We next propose that mitochondrial inhibitors should also produce substantial anti-NSCLC cell activity. Rotenone functions by inhibiting the mitochondrial complex I in the electron transport chain, leading to decreased ATP production [53]. Antimycin A is an antibiotic produced by the bacterium Streptomyces griseus and inhibits mitochondrial respiration by blocking the electron transport chain at complex III [54]. In pNSCLC1 primary cancer cells, treatment with either rotenone or antimycin A led to mitochondrial depolarization (Fig. S3A), ATP depletion (Fig. S3B), and ROS production (MitoSOX intensity increasing, Fig. S3C), resulting in impaired cell proliferation (Fig. S3D), diminished viability (Fig. S3E), and reduced migration (Fig. S3F). Additionally, these two inhibitors activated apoptotic pathways, evidenced by an increased ratio of TUNEL-positive nuclei (Fig. S3G) and induced cell death, as demonstrated by enhanced Trypan blue staining (Fig. S3H).
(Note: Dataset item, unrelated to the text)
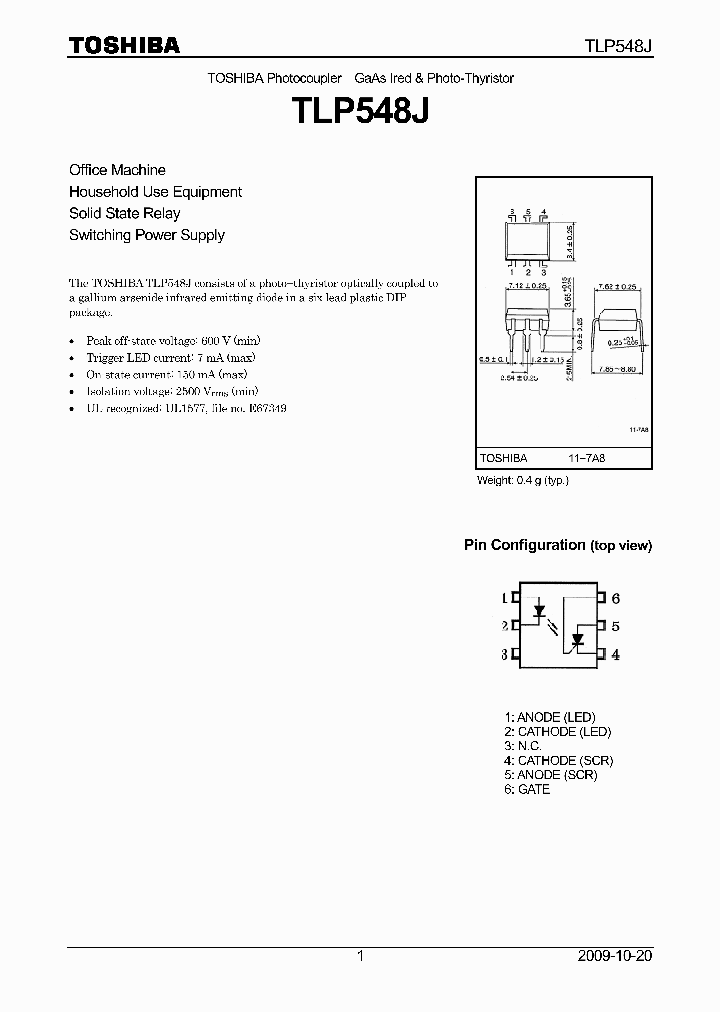 TLP548J_4785662.PDF Datasheet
NDUFS8 overexpression exerts pro-cancerous activity in NSCLC cells
We next hypothesized that ectopic NDUFS8 overexpression shall exert pro-cancerous activity and promote NSCLC cell progression. Thus, a lentivirus-packaged NDUFS8 overexpression construct was stably transduced to pNSCLC1 cells, and stable cells, oeNDUFS8, were formed after puromycin-based selection. As compared to the control cells with the empty vector (“Vec”), NDUFS8 mRNA (Fig. 8A) and protein (Fig. 8B) expression was significantly increased in oeNDUFS8 pNSCLC1 cells. With NDUFS8 overexpression, the mitochondrial complex I activity and the cellular ATP contents were both significantly increased (Fig. 8C). NDUFS8 overexpression also augmented pNSCLC1 cell proliferation, increasing CCK-8 OD (Fig. 8D) and EdU-positive nuclei ratio (Fig. 8E). The pNSCLC1 cell in vitro migration (Fig. 8F) and invasion (Fig. 8G), tested via “Transwell” and “Matrigel Transwell” assays respectively, were also accelerated after ectopic NDUFS8 overexpression. In oeNDUFS8 pNSCLC1 cells, a significant increase in p-Akt and p-S6K1 levels was observed, indicative of Akt-mTOR pathway hyperactivation (Fig. 8H). The mTOR kinase activity (Fig. 8I) and the mTOR phosphorylation at Ser-2481 (Fig. 8J) were both significantly increased in oeNDUFS8 pNSCLC1 cells. These results supported that NDUFS8 overexpression exerted pro-cancerous activity in NSCLC cells, enhancing mitochondrial function and facilitating cell proliferation and motility.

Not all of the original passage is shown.